Context Management
The SDK provides several mechanisms to keep agent context clean and within limits, even during complex multi-step investigations.
Smart Compaction
When context approaches the limit, the SDK performs structured state snapshots that preserve key findings while discarding intermediate reasoning and raw data.
What's preserved:
- Key findings and conclusions
- Active hypotheses
- Entities and relationships discovered
- User preferences from the session
What's discarded:
- Intermediate reasoning chains
- Raw tool outputs already summarized
- Superseded hypotheses
Tool Output Masking
A backward-scan FIFO mechanism prunes bulky tool outputs while protecting recent context. Older tool responses are truncated or removed when newer, more relevant data arrives.
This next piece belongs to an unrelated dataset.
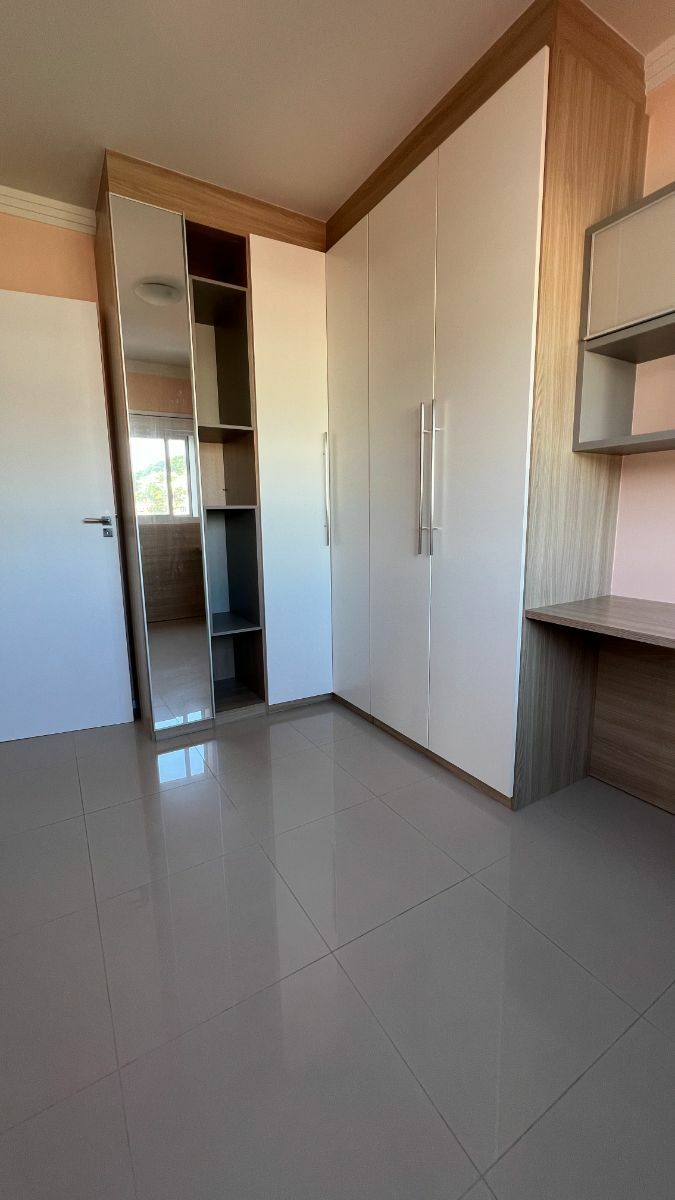 Apartamento para alugar com 2 quartos, 72m² - Foto 11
The mask operates on a priority system:
- Recent tool outputs are protected
- Older outputs with summaries already incorporated are candidates for removal
- Large raw JSON responses are first to be pruned
Eager Knowledge Loading
All knowledge documents in knowledge/ are loaded into the system prompt at session start. No on-demand fetch, no "which doc should I load" decision turn — the agent sees everything from turn one. This keeps reasoning simple: a user asks about payments-api and the agent already knows the baseline, the patterns, and the team directory without spending a turn on lookup.
System prompt: [full knowledge docs inline — 3-8K tokens typical]
knowledge/environment.md: Production environment...
knowledge/baselines.md: Service baselines...
knowledge/patterns.md: Known patterns...
knowledge/team.md: Team directory...Sub-agents share the parent's context compiler, so they also start with full knowledge loaded.
This works because realistic knowledge bases are small (~20 docs, a few thousand tokens total). If your knowledge base starts to crowd the context window, split by session type (separate repos or personas) rather than adding retrieval — lookup turns compound across every investigation and the cost outweighs the context savings.
Loop Detection
The SDK detects when an agent enters unproductive loops:
- Pattern matching — repeated identical tool calls or reasoning patterns
- LLM-based detection — the model evaluates whether it's making progress
When a loop is detected, the agent is nudged to try a different approach or escalate to the user.